» Instructions to follow:
In the records below, find the line containing "pink satin evening gown" and the line containing "Boné Ícone de"; please repeat exactly the lines from one to the other, both included, and nothing more.

» Supplied records:
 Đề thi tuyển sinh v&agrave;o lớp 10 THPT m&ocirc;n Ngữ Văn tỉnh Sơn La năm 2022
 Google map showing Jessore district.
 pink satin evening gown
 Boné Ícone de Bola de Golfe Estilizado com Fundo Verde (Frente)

...

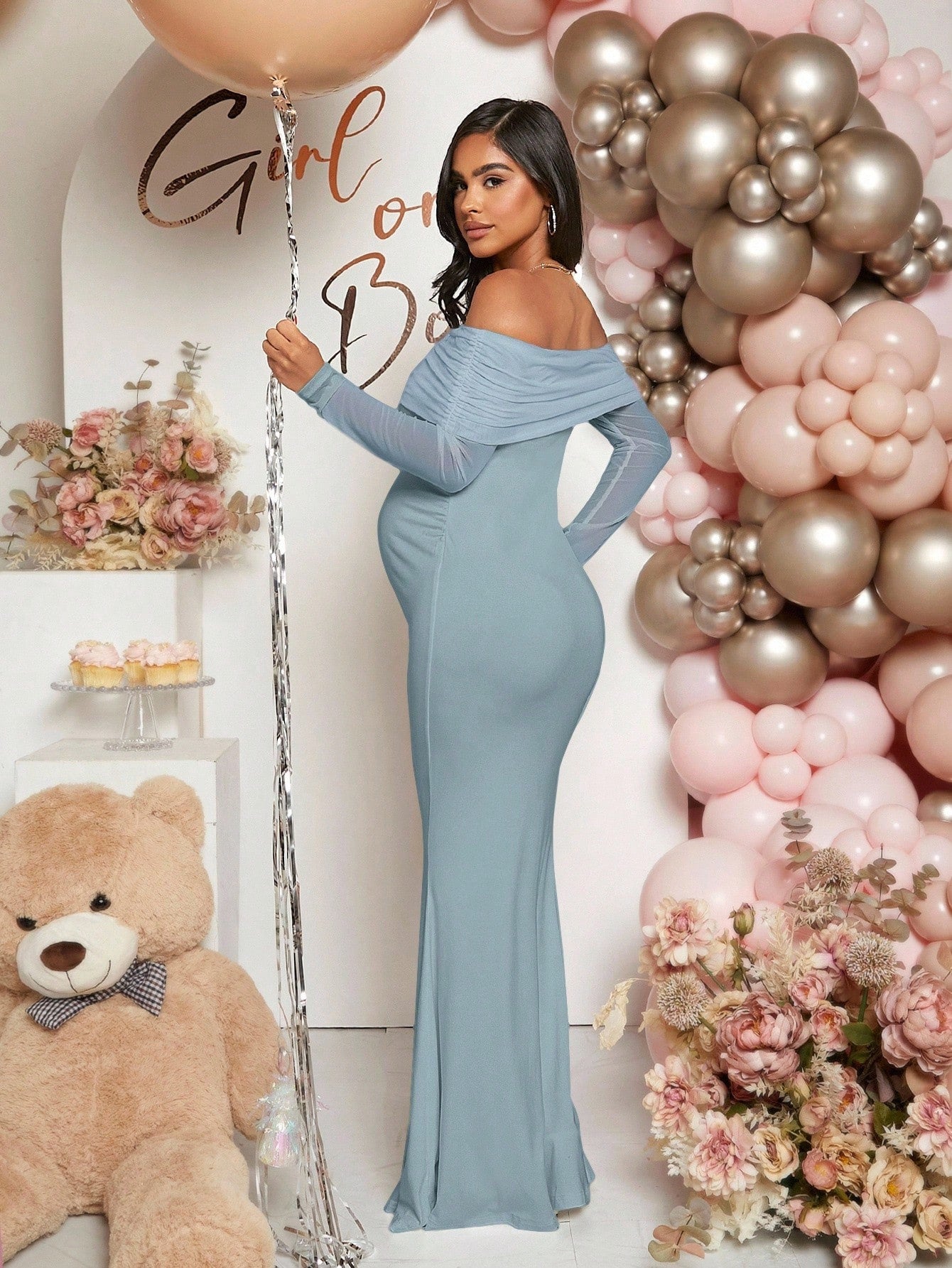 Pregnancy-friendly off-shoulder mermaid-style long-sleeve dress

» Response for this exercise:
 pink satin evening gown
 Boné Ícone de Bola de Golfe Estilizado com Fundo Verde (Frente)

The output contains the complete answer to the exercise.